萧扶光说了一半便闭上了嘴。
阿寰很不对劲。
他从后面抱住自己的时候,萧扶光清晰地感知出了一个男子的变化——她开始有些纳闷,也是思想了一路,直到回了家才反应过来那是什么。
他们的父亲是亲兄弟,他是她的弟弟,他怎么能?他怎么会变成这样?!
怪不得小冬瓜一直说,千万不要去见太子,难不成问题出在皇帝赐的丹药上?那丹能迷惑人心智,直教人连伦常也抛到脑后了?!
“郡主?”
“郡主…”
小冬瓜唤了她好几声,萧扶光这才回过神来。
屋里有架金镶玉屏风,上头调绘着日出东山。萧扶光走到屏风后,绿珠和清清为她更衣。
“你细说说,太子服食丹药到底是怎么个事儿。”她的声音自屏风后传了出来。
小冬瓜隔着缝儿见她双臂一展,上衣簌簌地落了下去,赶紧蒙了眼,张口答道:“事情还要从两年前开始说起——青龙四年上元节那日,陛下在宫中宴请群臣,说自己梦到东南烧起一片大火,三清降世将火灭了…”

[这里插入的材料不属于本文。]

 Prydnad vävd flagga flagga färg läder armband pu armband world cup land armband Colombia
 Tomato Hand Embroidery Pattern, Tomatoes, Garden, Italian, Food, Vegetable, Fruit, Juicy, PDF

“什么鬼话!”萧扶光嗤笑道,“济阴就在东南,死了那样多的人,他不理政不背这个锅。东南烧起一片大火…冥火怒火?陛下是想说生灵有怨?”
“叫郡主猜中了!”小冬瓜捂着眼拍马屁,“郡主英睿神武,郡主…”
“行了,马屁拍得够响了。”萧扶光换了身便衣从屏风后走出来。
小冬瓜睁开眼
便看到郡主膀子,连着脖颈那一片儿都是白生生的,像是能发光,耀得人不敢看。
权势加身之人,若为男子,周身总带着一股黑水似的气息,沉而闷,一眼望不到底,譬如景王。想要深究,必将遭溺毙。
反观光献郡主,站时亭亭玉立,坐时大马金刀,难得的一身正气,倒比修道的皇帝还像些模样——果然不愧是打小就跟着先帝上朝的人。
“国库干净得耗子住两日都要搬家,就连边防的饷粮小叔父都自掏一部分腰包,哪里来的钱修什么道观?”萧扶光道,“我父王是怎么答应为他修的?”
这三年间景王从不提朝中事,她还真不知道。